The virtual lessons have attracted approximately 50 salsa dancers each night, including many of the club’s several dozen regulars and more than a few new faces.

“We’ve been seeing a lot more new Brown students in particular hopping onto the calls,” Wang said. “They’re more aware of the salsa lessons now than they were when campus was open, and they are either curious or hoping to learn a new skill during quarantine, which we love.”

Because the lessons are now online, alumni members have also been able to join their old friends on the virtual dance floor.

“We had the club president and treasurer [from my first year] come online,” Schuster said. “They hadn’t seen each other in a long time, and I hadn’t seen them in a long time, and it felt like such a nice reunion.”

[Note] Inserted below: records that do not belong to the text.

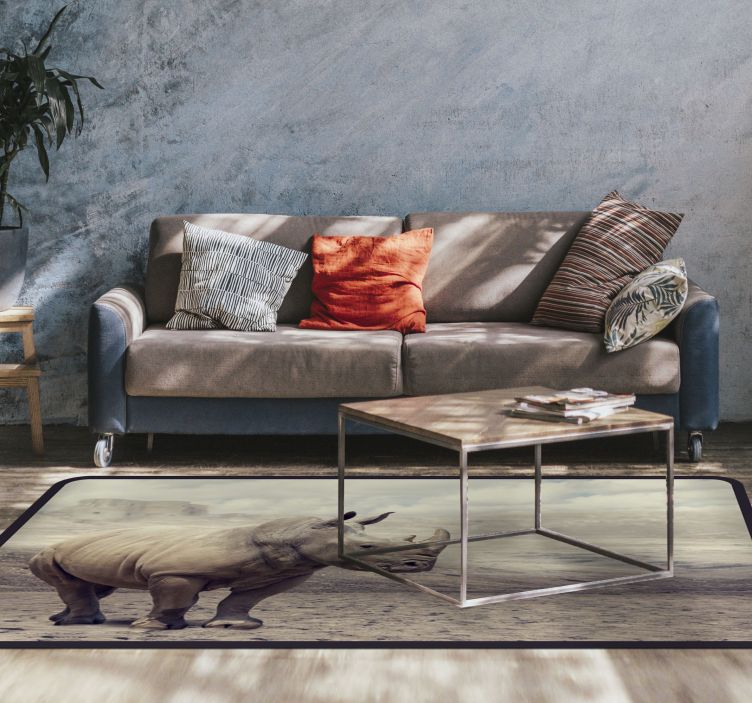 Vahşi gergedan hayvan halısı kahverengi ve gri - TenStickers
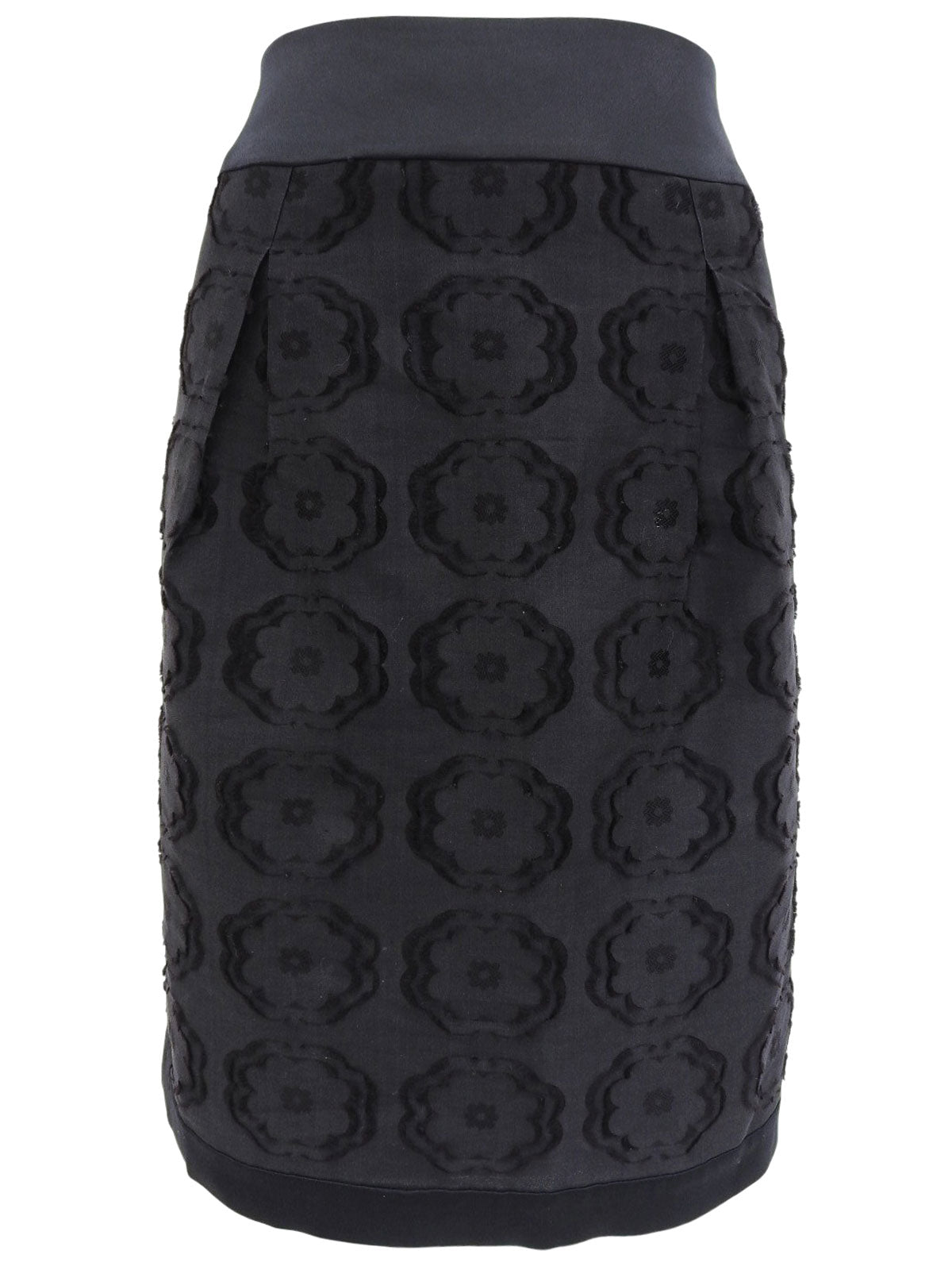 フラワーパターンタイトスカート ブラック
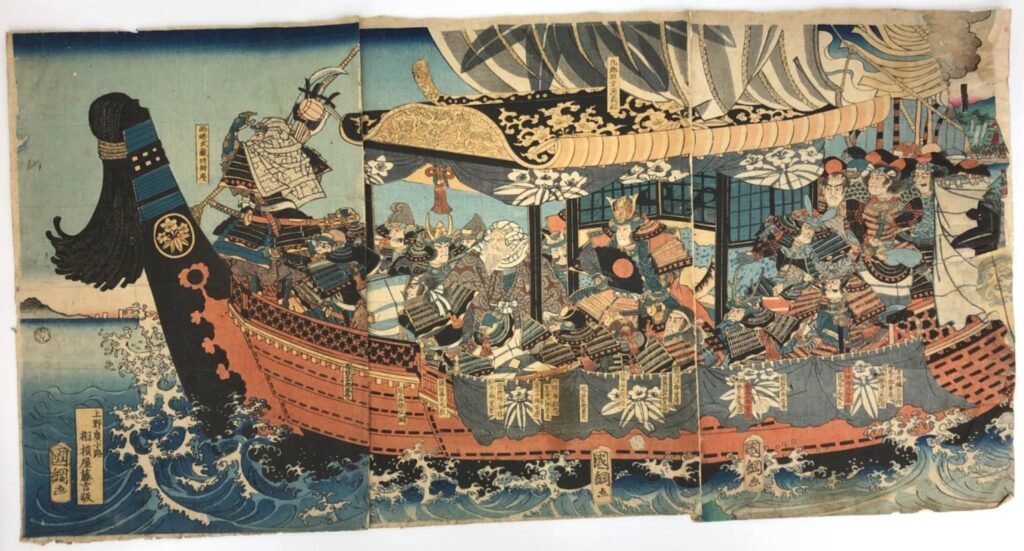 歌川国綱 義経拾九臣之図 全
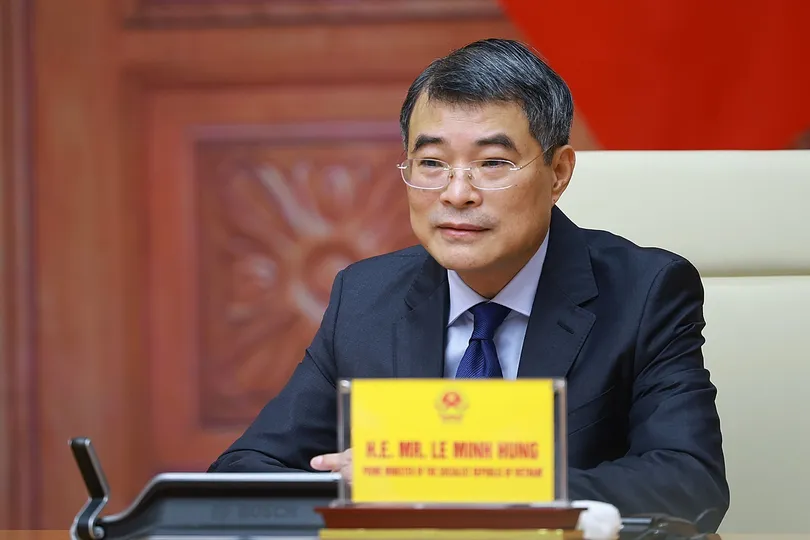 Thủ tướng Lê Minh Hưng dự Hội nghị Thượng đỉnh trực tuyến Cộng đồng phát thải ròng bằng 0 châu Á (AZEC) mở rộng. Ảnh: TTXVN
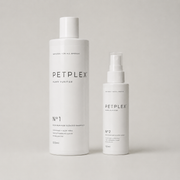 Two Petplex pet care products on a light gray background
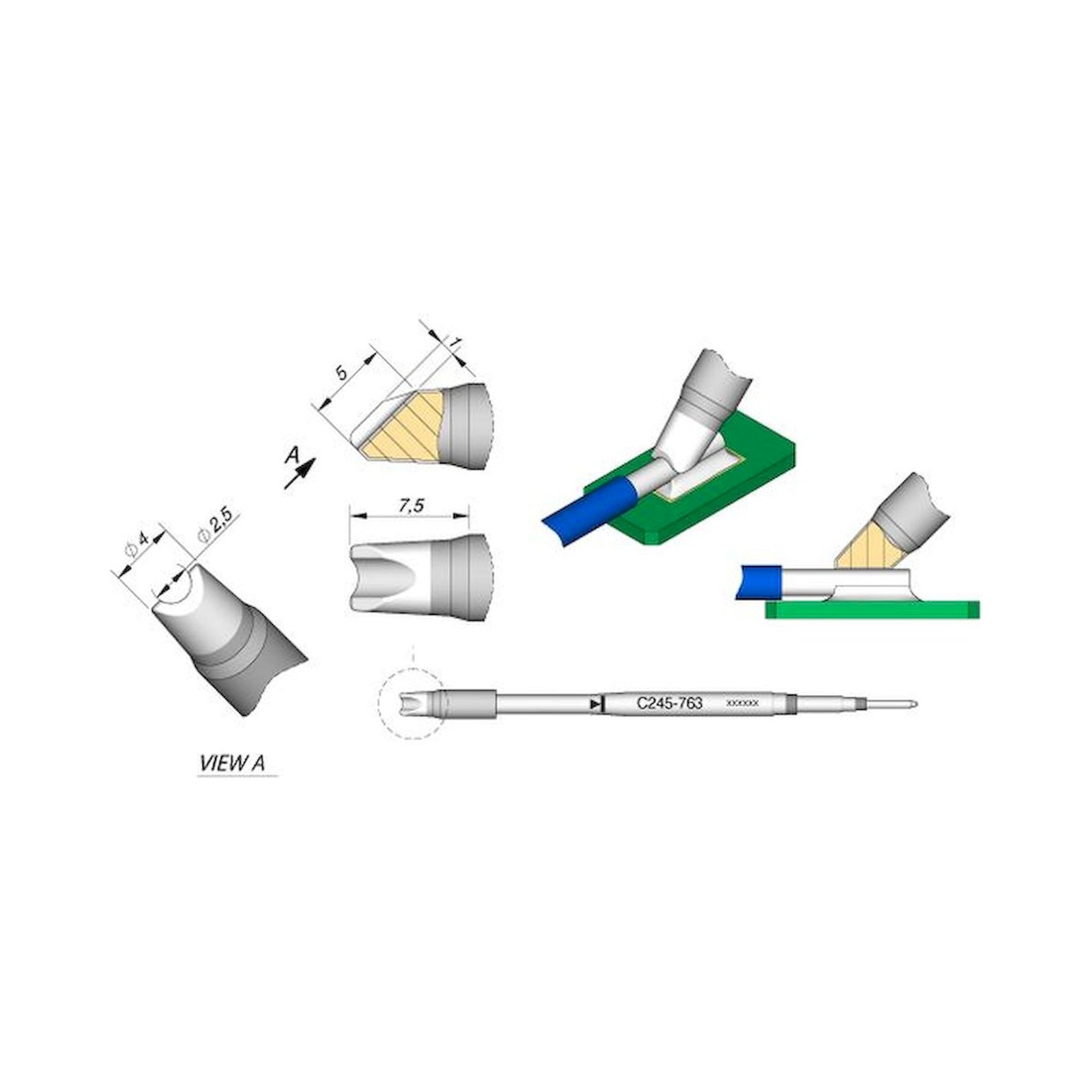 JBC C245763. Lötspitze Pin/Connector, D: 2,5 mm, C245763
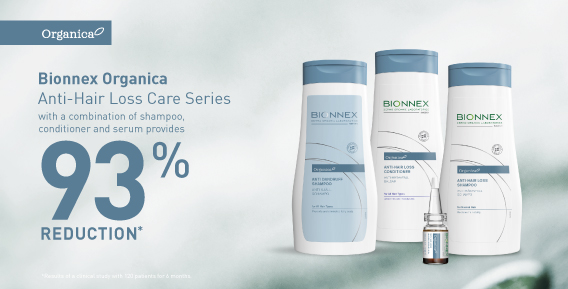 Tre Bionnex Organica hårvårdsprodukter och ett serum visas bredvid text som framhäver "93 % minskning av håravfall".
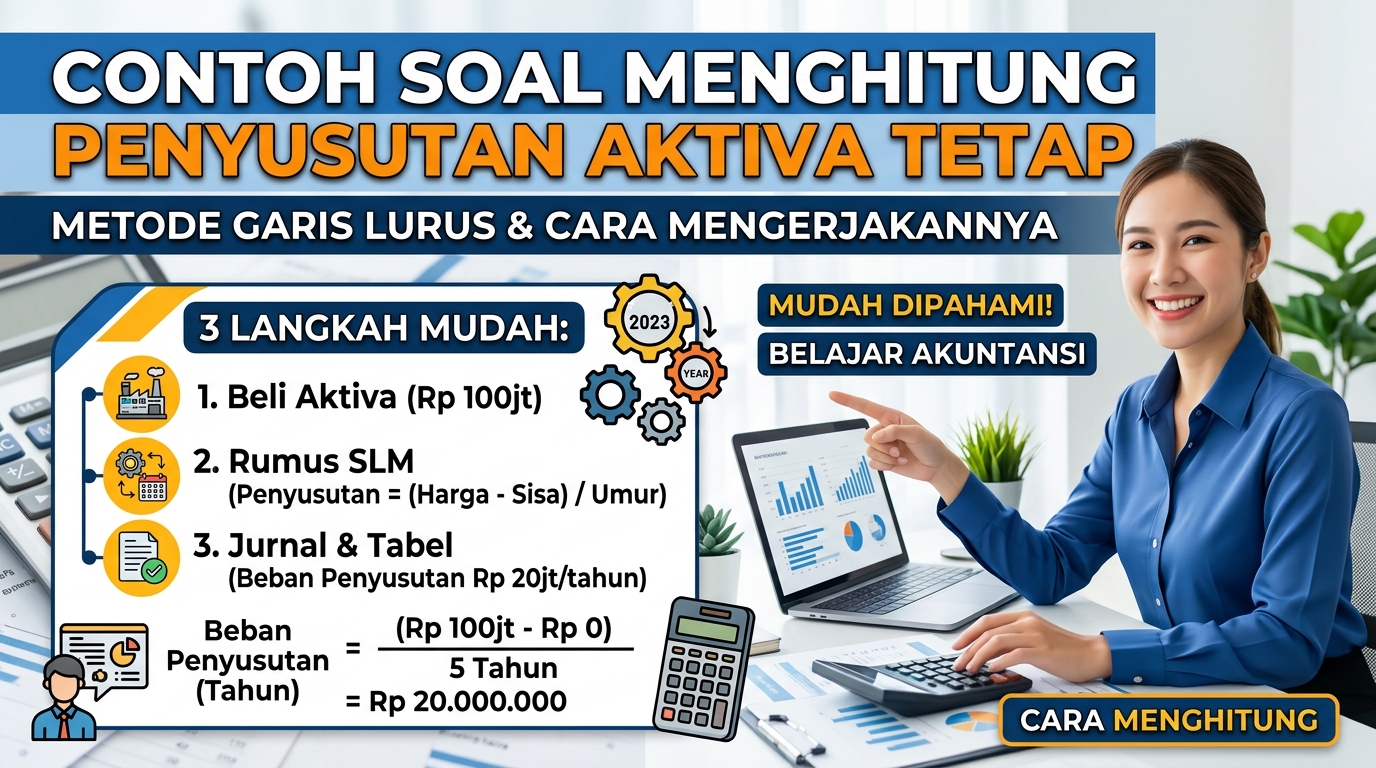 Contoh Soal Menghitung Penyusutan Aktiva Tetap Metode Garis Lurus dan Cara Mengerjakannya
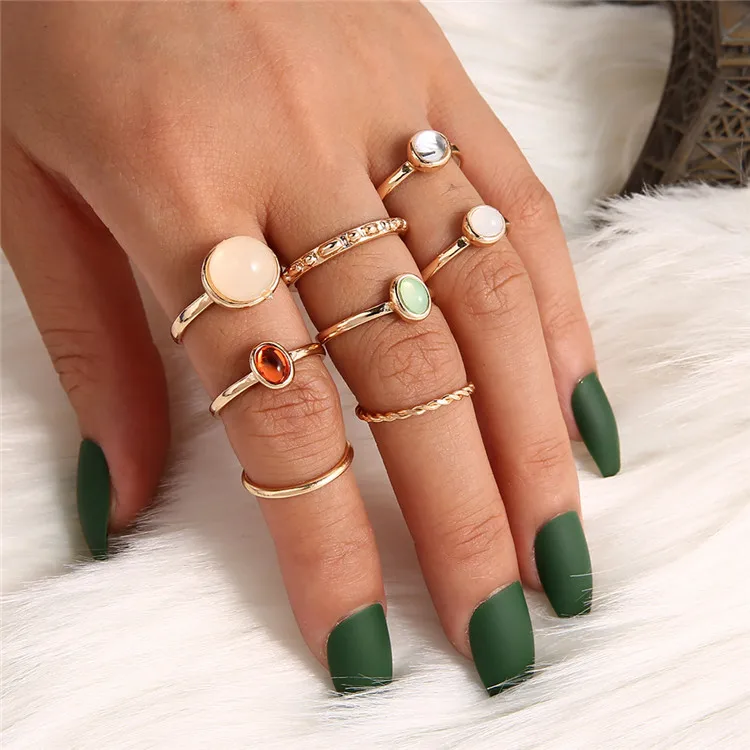 

New Fashion Hot Sale Opal Champagne Multicolor Ring 8 Piece Set Vintage Stackable Midi Finger Rings Jewelry Women Set, Picture shows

The club’s online lessons look a bit different from the in-person lessons that club typically holds: With dance partners scattered across Zoom windows instead of sharing a dance floor, Granot-Sanchez has shifted the focus of her lessons to footwork sequences that members can execute solo.

The sense of community and intricate dance sequences that each session brings have made these lessons a weekly bright spot for Karina Bao, a junior political science concentrator who began dancing with the club during her sophomore year.

“What brings me back are the wonderful people that I get to see every week and the new challenge that comes with every lesson,” she said. “It’s a great sense of solidarity to see everyone else is also dancing and able to find that time to relax and be together in this space.”